◆ **PROBLEM TO SOLVE**: Without including any images, reproduce each entry exactly.
▬▬▬▬▬▬▬▬▬▬
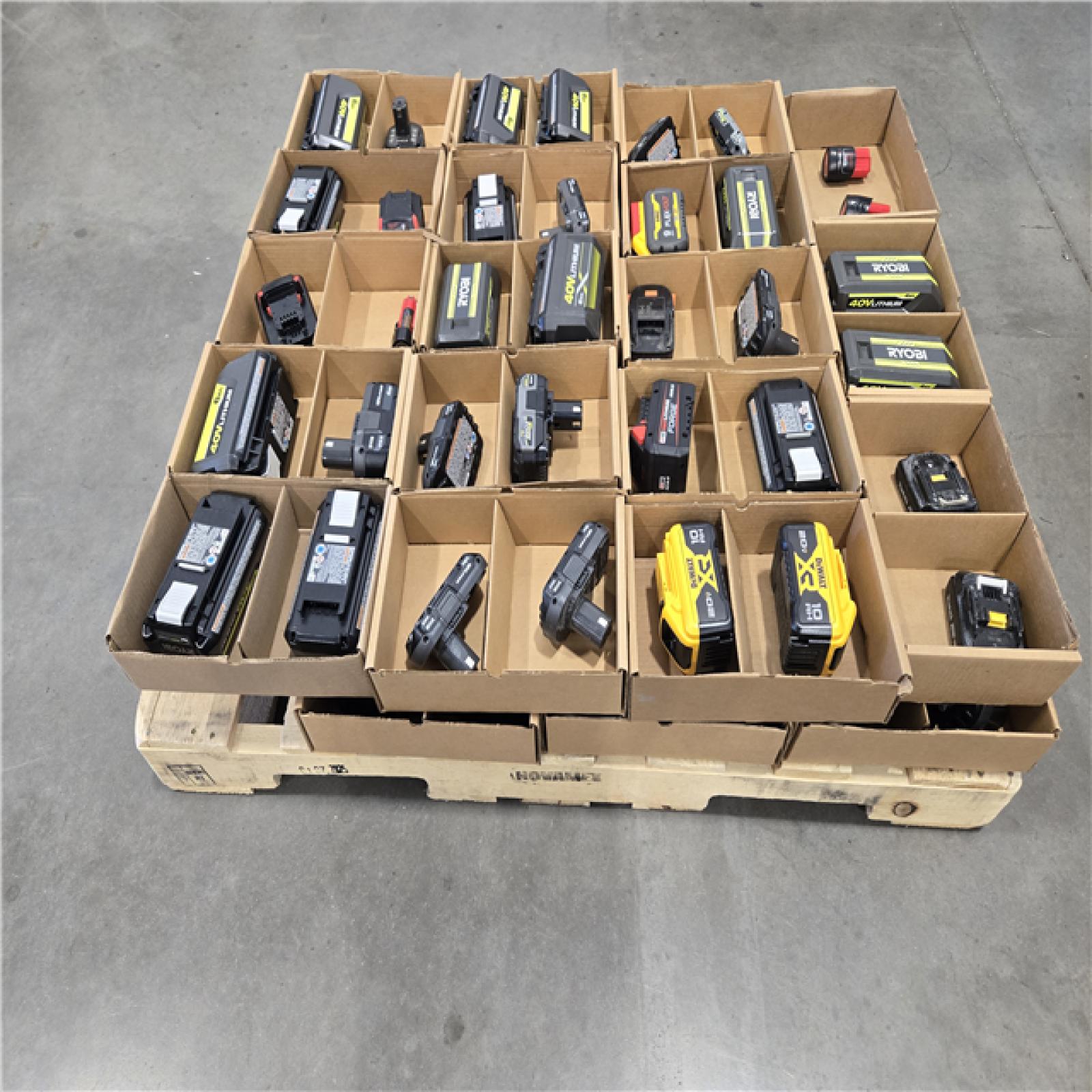 DALLAS LOCATION- AS-IS BATTERY PALLET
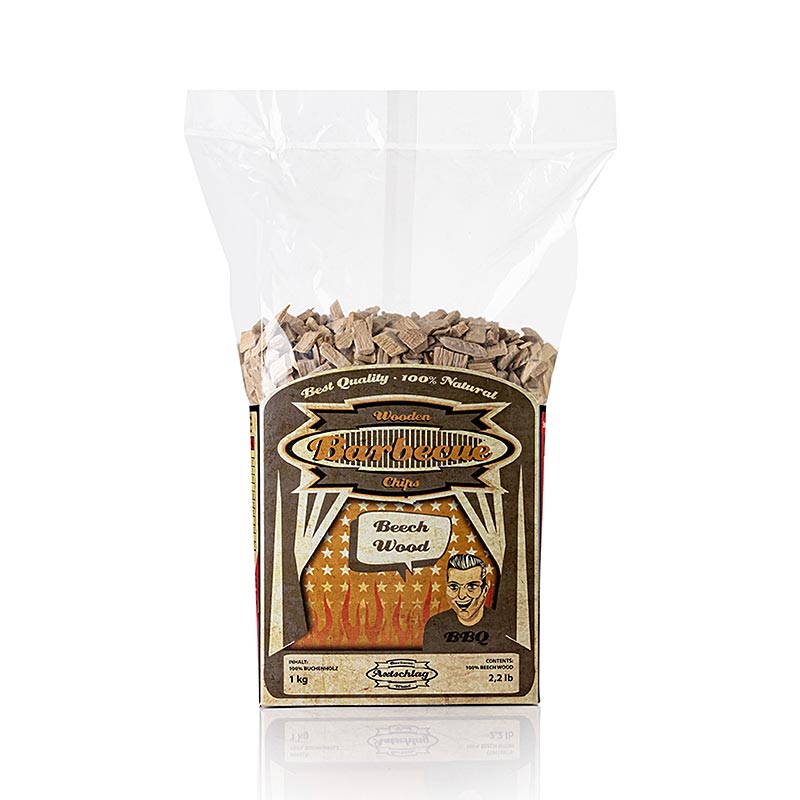 Axtschlag - Grill BBQ - Trucioli per affumicatura in legno di faggio (Beech), 1 kg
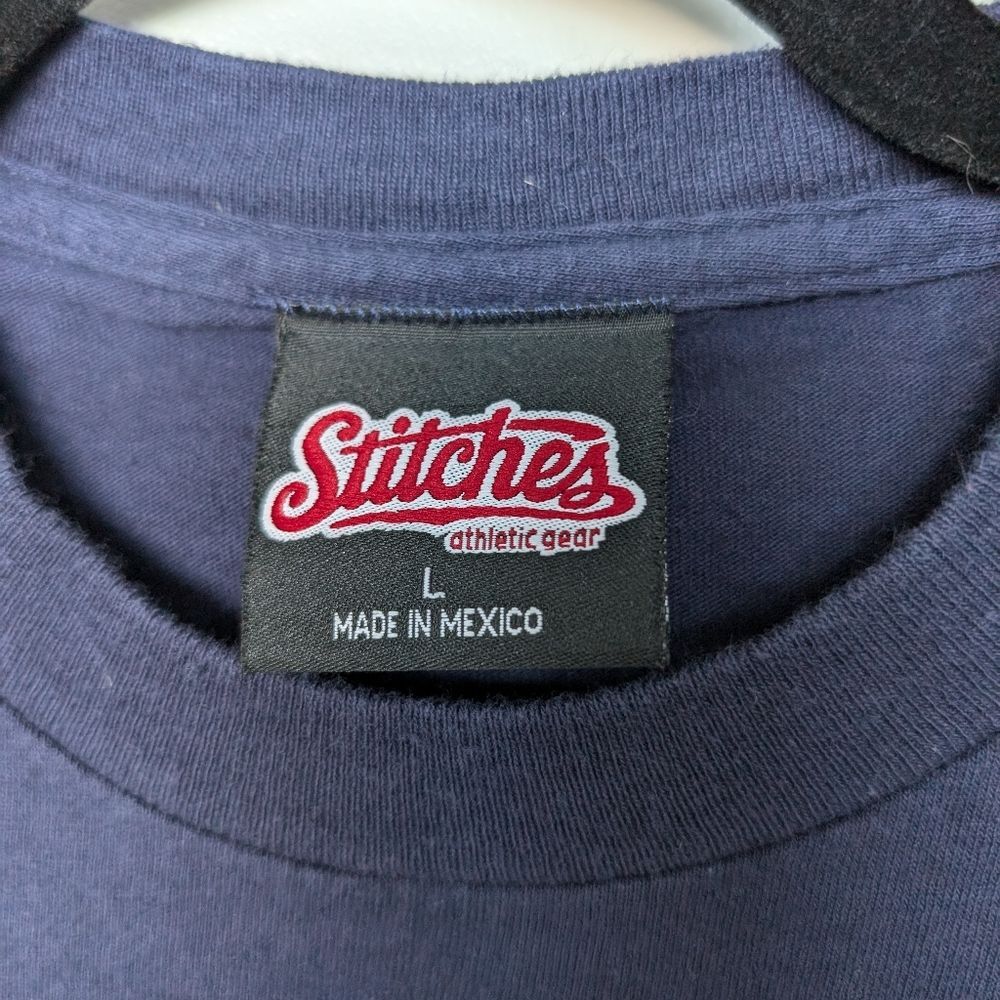 Stitches Washington Nationals Navy Tshirt - Picture 3 of 9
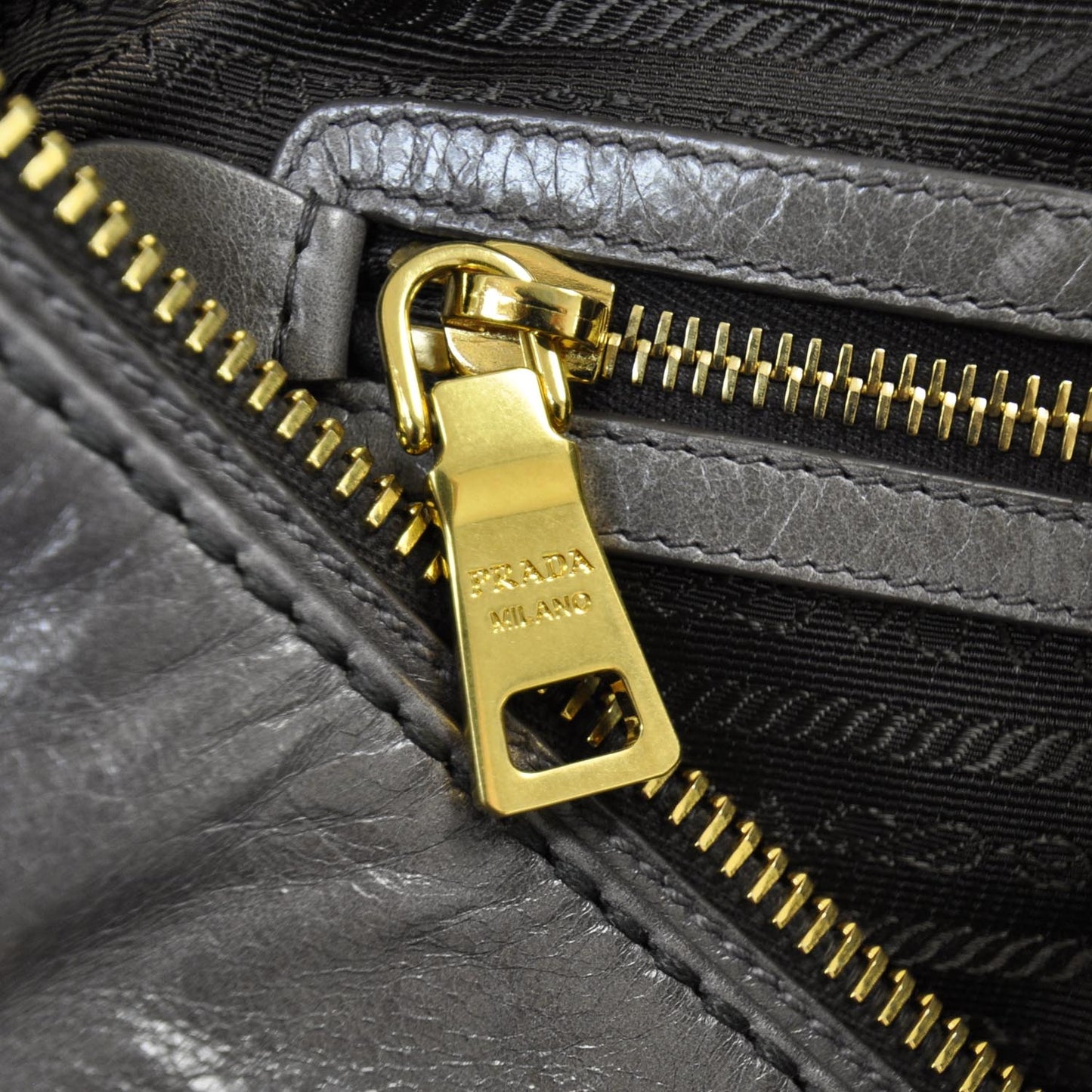 Vitello Shine Bauletto Fumo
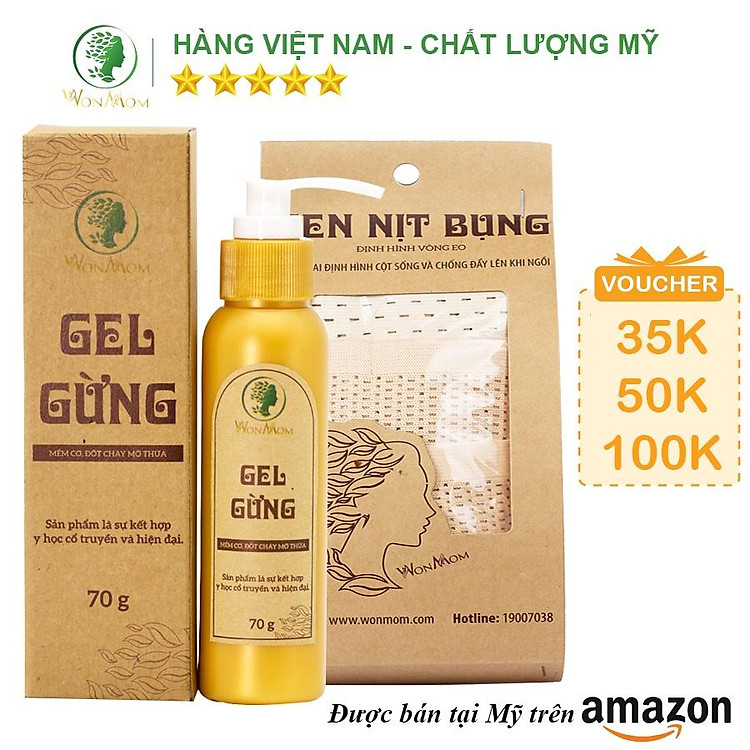 Bộ giảm mỡ bụng Wonmom chính hãng Giá tốt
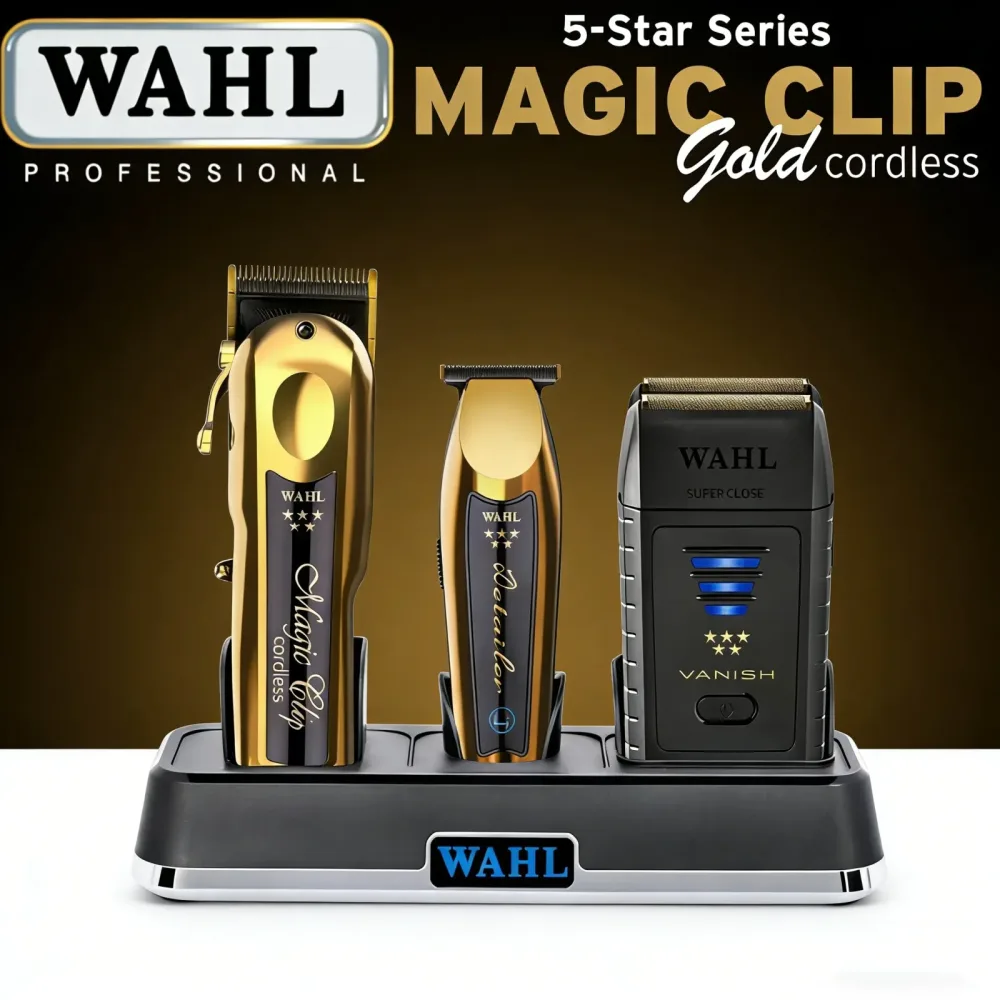 Professioneller Wahl 5 Star 8148 Magic Clip Senior Barber Kabelloser Haarschneider & Haartrimmer Detailer Li Trimmer & Vanish Rasierer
▬▬▬▬▬▬▬▬▬▬
◆ **RESPONSE TO THIS EXERCISE**:
 DALLAS LOCATION- AS-IS BATTERY PALLET
 Axtschlag - Grill BBQ - Trucioli per affumicatura in legno di faggio (Beech), 1 kg
 Stitches Washington Nationals Navy Tshirt - Picture 3 of 9
 Vitello Shine Bauletto Fumo
 Bộ giảm mỡ bụng Wonmom chính hãng Giá tốt
 Professioneller Wahl 5 Star 8148 Magic Clip Senior Barber Kabelloser Haarschneider & Haartrimmer Detailer Li Trimmer & Vanish Rasierer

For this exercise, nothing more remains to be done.